A obra de Simeão inclui um grande número de escritos teológicos, catequeses e hinos, para além das suas numerosas cartas. Outro grande Santo e Doutor da Igreja, também venerado no Oriente, é Santo Efrém, o Sírio (306-373). Nascido numa família cristã em Nisibe, atualmente na Turquia, por volta de 306, foi um dos mais  importantes representantes do Cristianismo de língua siríaca. Conseguiu conciliar de forma original a vocação de teólogo e de poeta. Ordenado diácono, viveu intensamente a vida da sua comunidade cristã local até 363, quando a cidade de Nisibe caiu nas mãos dos Persas. Efrém emigrou então para Edessa, onde continuou a sua atividade de pregador. Morreu aí em 373, vítima do contágio da peste, contraída enquanto cuidava dos doentes. Sabemos que permaneceu diácono e que abraçou o estado de virgindade e pobreza, a ponto de se entregar totalmente à caridade, cuidando dos doentes da peste. Efrém, honrado pela tradição cristã com o título de “lira do Espírito Santo”, permaneceu diácono durante toda a sua vida. É na dimensão litúrgica que se manifesta mais claramente a teologia poética de Efrém. Na sua busca de Deus, na sua maneira de fazer teologia, ele segue o caminho do paradoxo e do símbolo. Privilegia as imagens contrastantes, porque elas servem para sublinhar o mistério de Deus. O Papa Bento XVI disse a seu respeito: “Para Efrém, assim como não há Redenção sem Jesus, também não há Encarnação sem Maria. As dimensões divina e humana do mistério da nossa redenção encontram-se já nos textos de Efrém; de modo poético e com imagens fundamentalmente escriturísticas, ele antecipa o quadro teológico e de certo modo a própria linguagem das grandes definições dos Concílios do século V.” 10 Citemos Efrém, que exprime a sua admiração diante da Virgem com o seu hino:

“O Senhor vem a ela para se fazer servo.

O Verbo veio a ela para descer no seu seio.

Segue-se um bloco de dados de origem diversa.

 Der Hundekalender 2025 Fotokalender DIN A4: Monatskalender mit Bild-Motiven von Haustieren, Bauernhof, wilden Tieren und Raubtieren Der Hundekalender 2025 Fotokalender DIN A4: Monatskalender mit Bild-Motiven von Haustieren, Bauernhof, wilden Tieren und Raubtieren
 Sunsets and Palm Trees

O relâmpago veio a ela para não fazer barulho algum.

O pastor veio a ela e eis o Anjo nascido, que humildemente chora.

Dado que o seio de Maria

inverteu os papéis:

Aquele que criou todas as coisas

entrou em sua posse, mas pobre.

O Altíssimo veio a ela (Maria),

mas entrou humilde.

O esplendor veio a ela,

mas revestido de humildes vestes.

Aquele que prodigaliza todas

as coisas conheceu a fome.

Aquele que dessedenta todos conheceu a sede.